Querría una Iglesia misionera, no tan tranquila. Una hermosa Iglesia que va adelante. En estos
días han venido muchos misioneros y misioneras a la misa de la mañana, aquí, en Santa Marta, y
cuando me saludaban, me decían: «Pero yo soy una religiosa anciana; hace cuarenta años que
estoy en el Chad, que estoy acá, que estoy allá…». ¡Qué hermoso! Pero, ¿tú entiendes que esta
religiosa ha pasado estos años así, porque nunca ha dejado de encontrar a Jesús en la oración?
Salir de sí mismos hacia la trascendencia, hacia Jesús en la oración, hacia la trascendencia,
hacia los demás en el apostolado, en el trabajo. Dad una contribución para una Iglesia así, fiel al
camino que Jesús quiere. No aprendáis de nosotros, que ya no somos tan jóvenes; no aprendáis
de nosotros el deporte que nosotros, los viejos, tenemos a menudo: ¡el deporte de la queja! No
aprendáis de nosotros el culto de la «diosa queja». Es una diosa… siempre quejosa. Al contrario,
sed positivos, cultivad la vida espiritual y, al mismo tiempo, id, sed capaces de encontraros con
las personas, especialmente con las más despreciadas y desfavorecidas. No tengáis miedo de
salir e ir contra la corriente. Sed contemplativos y misioneros. Tened siempre a la Virgen con
vosotros en vuestra casa, como la tenía el apóstol Juan. Que ella siempre os acompañe y proteja.

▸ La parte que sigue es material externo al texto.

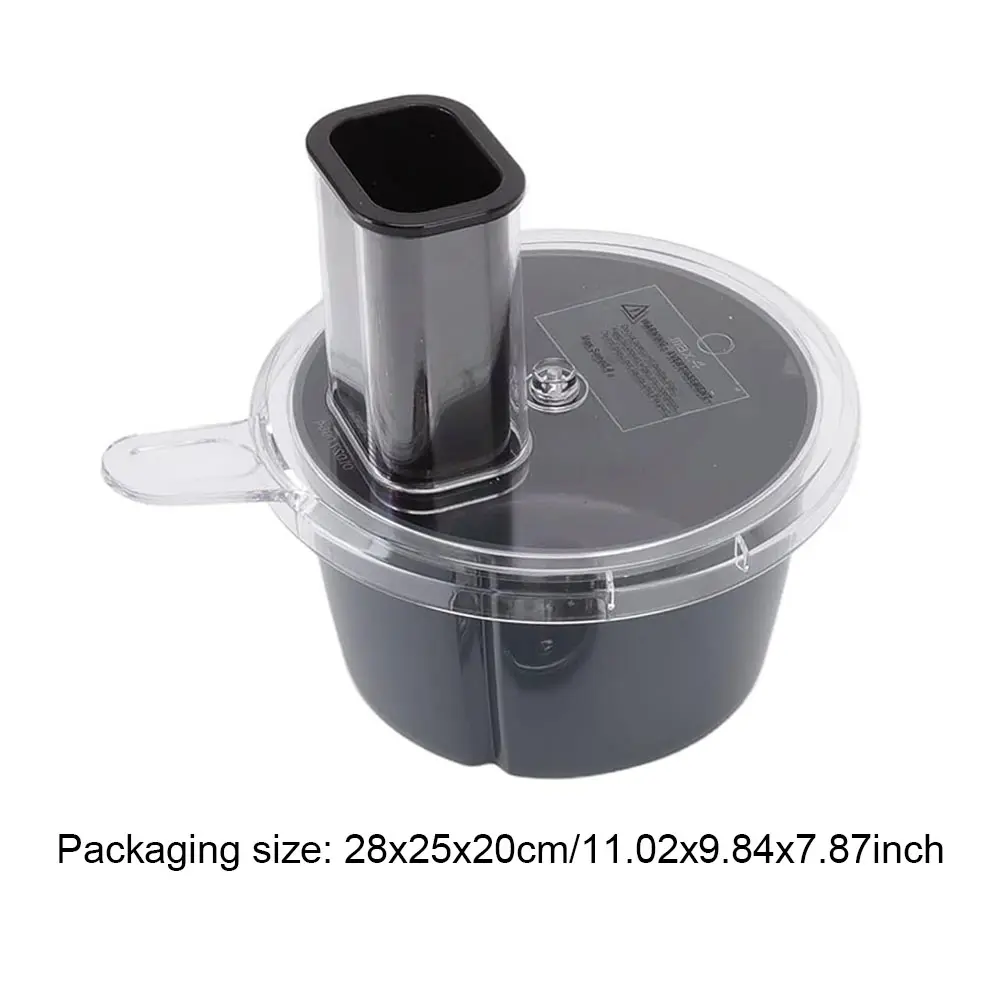 Vegetable Cheese Cutter Stainless Steel Slicing Shredding Disc for Thermomix TM6 and TM5 Accessories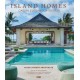 Island Homes: Casual Elegance in Design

Y rezad también por mí, porque también yo necesito oraciones, porque soy un pobre pecador,
pero vamos adelante.
Muchas gracias, no veremos de nuevo mañana. Y adelante, con alegría, con coherencia, siempre
con la valentía de decir la verdad, la valentía de salir de sí mismo para encontrar a Jesús en la
oración y salir de sí mismo para encontrar a los otros y darles el Evangelio. Con fecundidad
pastoral. Por favor, nos seáis «solteras» y «solteros». ¡Adelante!
Ahora, decía monseñor Fisichella, que ayer rezasteis el Credo, cada uno en su propia lengua.
Pero somos todos hermanos, tenemos un mismo Padre. Ahora, cada uno en su propia lengua,
rece el Padrenuestro. Recemos el Padrenuestro.